The Moment She Left Him



Draped across her bed, staring aimlessly out of the window, Ginny watched the low moon rising over the Quidditch pitch at Hogwarts. She was so in the habit of thinking about Draco as hers that she occasionally forgot that he no longer belonged her, that he had never belonged to her. The only bloody thing that would ever own Draco Malfoy, that would possess him until the moment he exhaled his last breath from that exquisite body of his, was Lucius Malfoy, the Malfoy legacy, and all the billions of Galleons that went with it.


Bloody, gutless prat, she thought, turning over and rolling on her back for a better view of her crimson canopy. Screw the moon and screw him, she thought bitterly. It had been twenty-nine days, seven hours, and thirty-seven minutes since she had flooed out of his room at the Manor. I'm seventeen years old, she thought desperately; it's going to be a long goddamn life.

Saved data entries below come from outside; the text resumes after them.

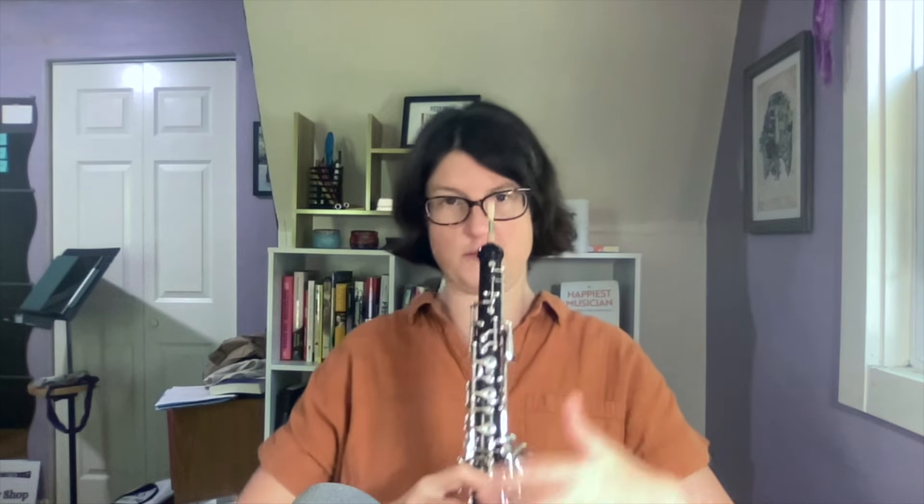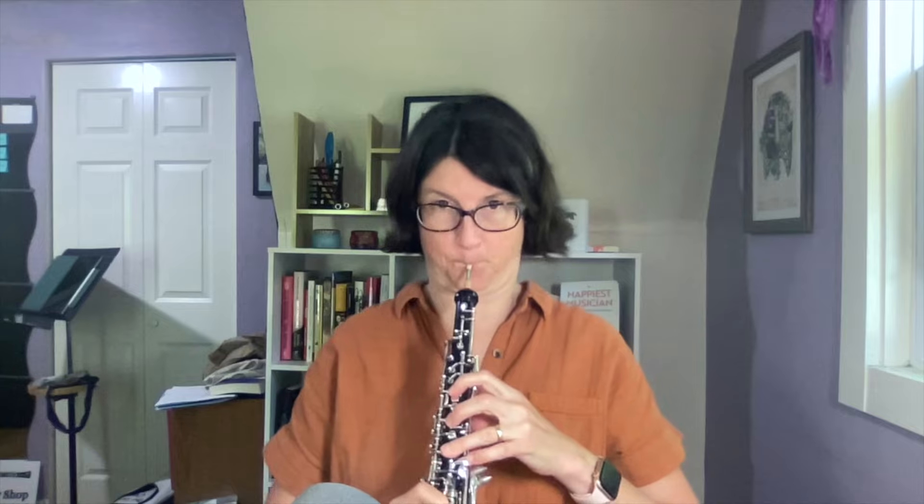Once I've found that, I can go back to it over and over again. Sometimes I even pretend that the air is traveling directly from — if the F is right about here on my body, let's say I'm standing here — I pretend that I'm just sending it directly out from my sternum to the room. And it doesn't have anything to do with the reed, actually.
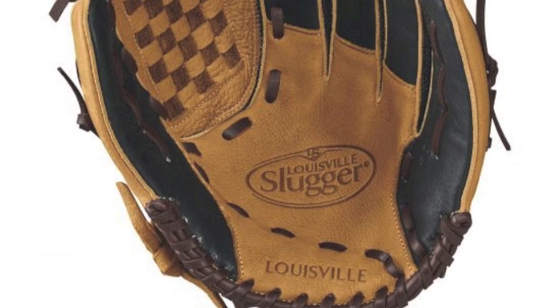This glove has a minimal break-in time. The incredible leather makeup of this glove is super soft and allows a high level of glove flexibility right out of the wrapper.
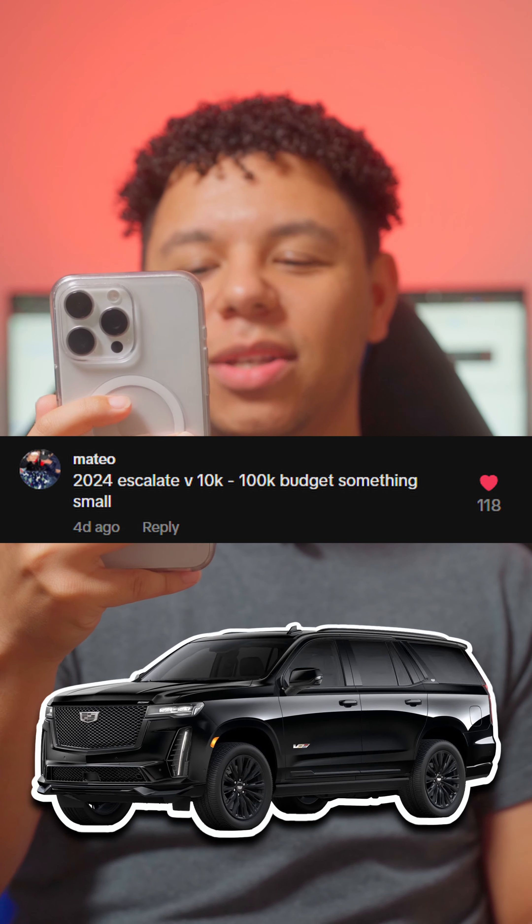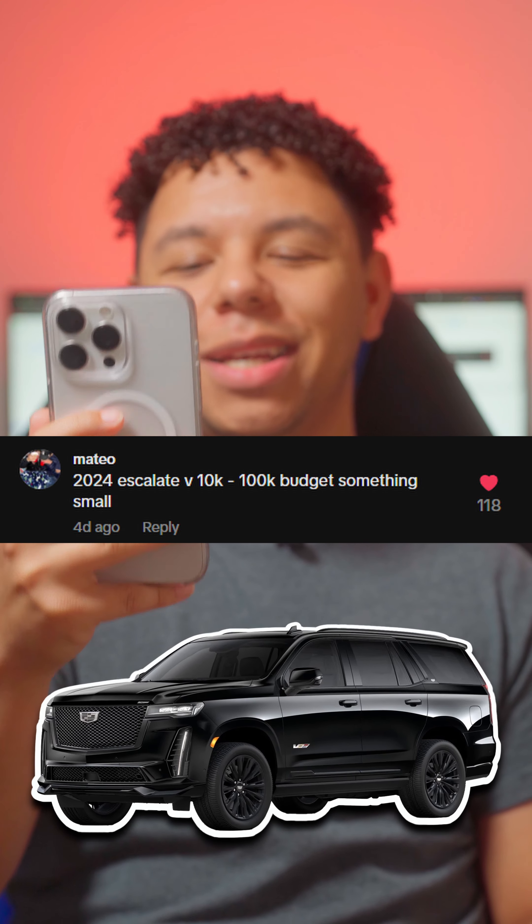2024 Escalade V, $10,000 to $100,000 budget — something small. Well, with a budget like that we're going to get you a top system that'll have good sound quality. If you want me to make another build that'll be SPL, drop that down in the comment section below. With a system like this, we're going to grab every single aspect of our signal from our factory system. We're going to start with an AudioControl LC8i — we're going to input all the factory signal into this line out converter and run all of our speakers active. The LC8i is going to cost us about $250.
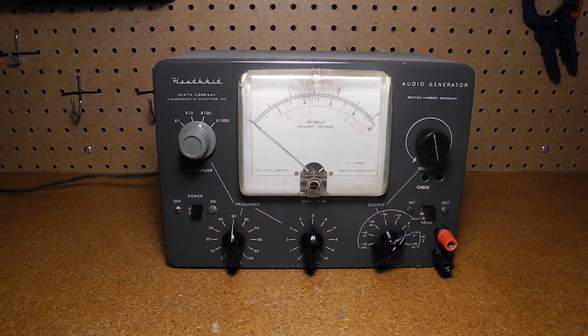In this video I'll take a look at the Heathkit AG9A audio generator. This model is electrically identical to the Heathkit IG72 audio generator which I've previously covered in another YouTube video. So rather than covering it in detail, I'll just outline some of the unique features of this model and the restoration of this particular unit. You can watch the IG72 video to get more detailed information on the unit's features and specifications.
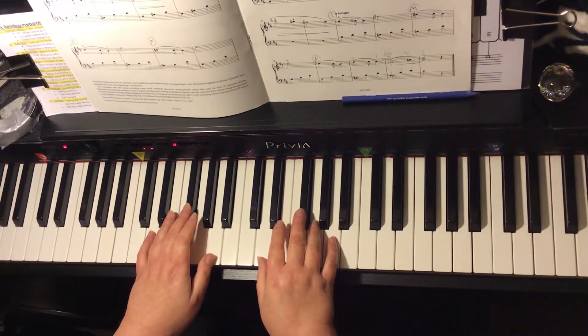D major primary chord progression. The D major chord has D, F sharp, A. That's the one chord.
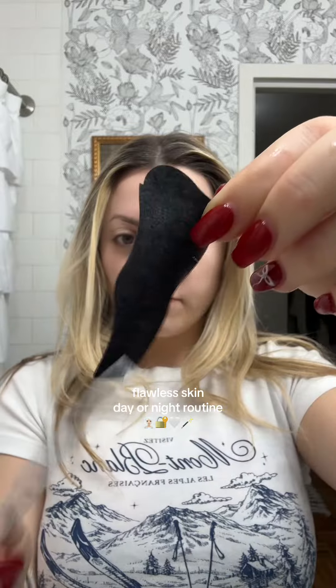I'm going on a trip tomorrow and I want my skin to look flawless, so let's do some skincare. It says to wet my nose and stick the strip on. Letting it sit for 10 to 15 minutes.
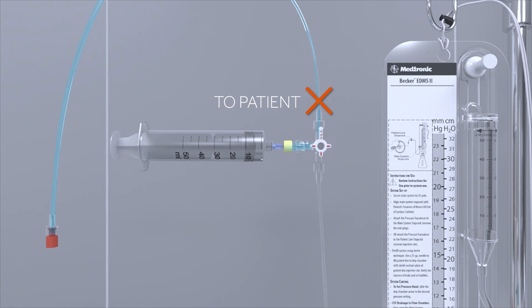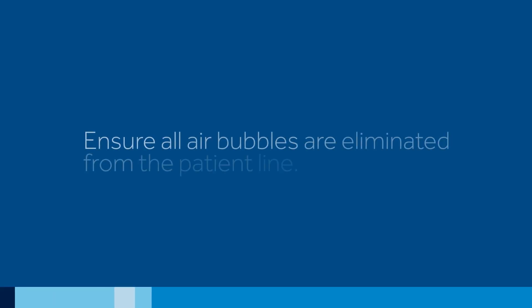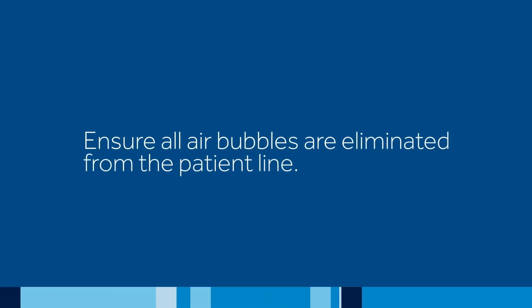Rotate the patient line stopcock 180 degrees so that it is pointing towards the portion of tubing which connects to the patient's catheter, allowing fluid to be pushed from the sampling site in the direction of the drip chamber. Prime the patient line all the way through to the drip chamber. Ensure all air bubbles are eliminated from the patient line.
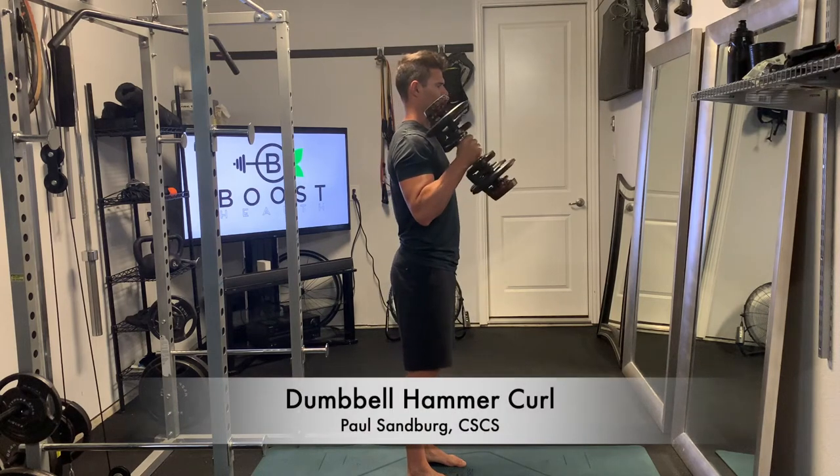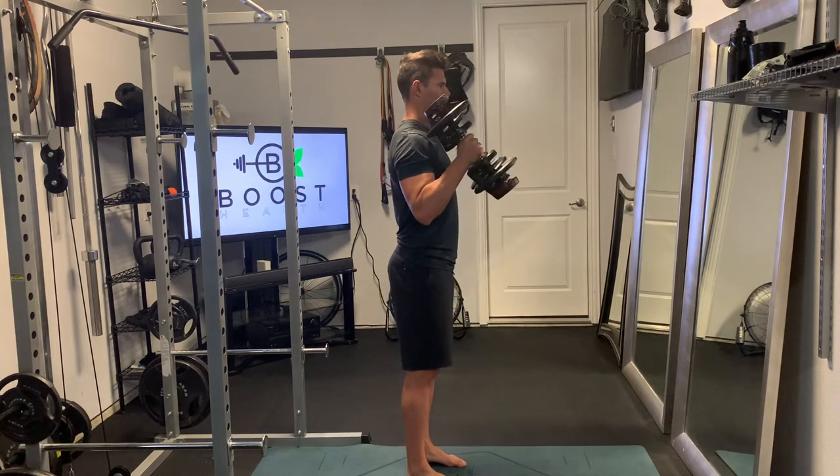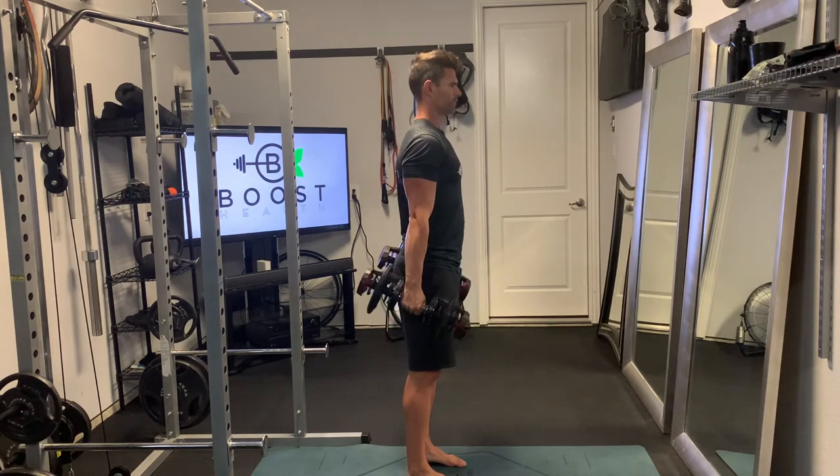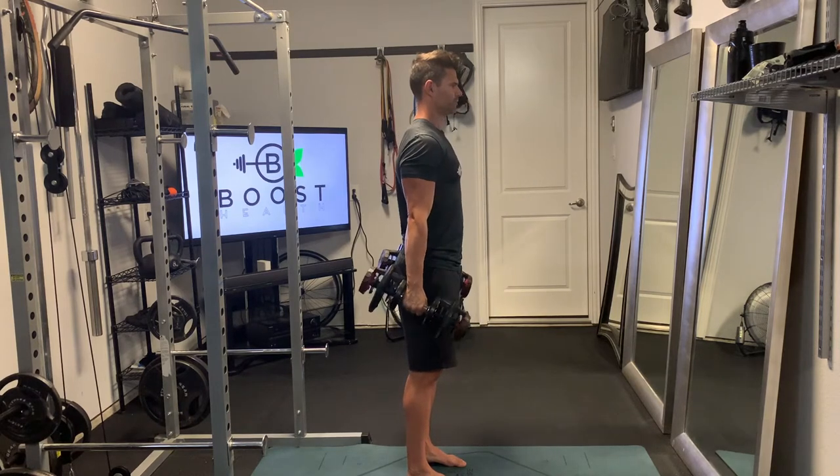This is a dumbbell hammer curl, and for this the hand position just stays the same all the way through. They start facing in towards the sides of the body at the bottom and they just stay like that all the way up to the top through the contraction.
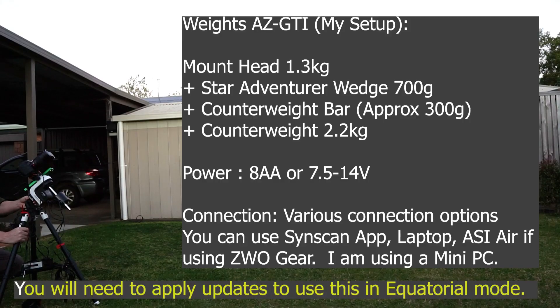The AZ-GTI in its traditional format just comes as an alt-azimuth mount, which means it goes left, right, up and down — so it's not necessarily optimised for astrophotography. However, there's a nice easy hack for that, which is basically by adding a wedge, updating the firmware in the mount itself, and if needed, adding a counterweight bar. Basically, then what you have is a little equatorial mount.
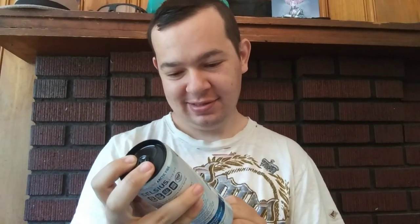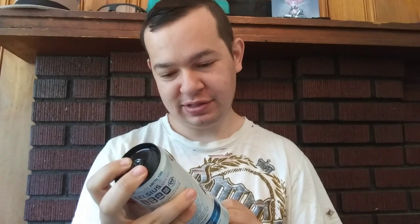Hey Heroes, it's Nightfall here, and today we're going to be reviewing Arctic Vibe Celsius Live Fit. This flavor is called Sparkling Frozen Berry. It has all your regular Celsius ingredients like taurine, guarana seed extract, caffeine anhydrous, your B and C vitamins, and all that stuff, a little bit of calcium.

It had been a grand exit, that much she knew. Now she would have to figure out how she was going to live with her decision. The vacant emptiness of that night returned to her, fluttering above her heart and clouding her mind. He was her heart, her soul, and her whole damn world. She breathed for him. When she found herself reduced to hiding in his closet, watching him interacting with his supposed almost fiancée, it had broken her. She had been reduced to a shell, humiliated beyond comprehension, realizing the position that she really had in his life was a sham. She was a Weasley, and he was a Malfoy. She was of a family which belong to the Order. He was of the Death Eating variety. Oh, there was also the War. That damn War which was escalating ever so slowly and would soon break out into an all out civil war, the likes of which had not been seen for many years, not since before The Boy Who Lived had been given his scar.


The War had taken certain choices and decisions and forced them on both. They didn't have the luxury of falling in love in a time when differences could be set aside indefinitely or swept under the proverbial carpet. Choices had to be made. She stepped over to the right, to the light of the Order, to the ways of her world. He stepped to the left, to the dark of Voldemort and his Death Eaters, to the ways of his world, the only world he had ever known. The chasm now dividing them was so great it could never be breached.


She once believed that their love was greater than the War, than their families, than the entire wizarding world. She believed he would cross over to the Order, forsake his family and his legacy, for her. What a fool she had been. She saw that he had a choice. He saw no choice. She called him weak, a fool, and a slave to his family's fortune and incestuous belief in superiority and destiny. He had fallen silent. In the end, she thought he truly believed he had no choice. When his weakness, his blindness finally encroached upon their relationship, when his Slytherin-like sword had pierced her heart with its forked tongue, she had spurned him. Then she left him to die her own painful, solitary death. Now she lay on her bed counting the days of her death, from the moment she left him.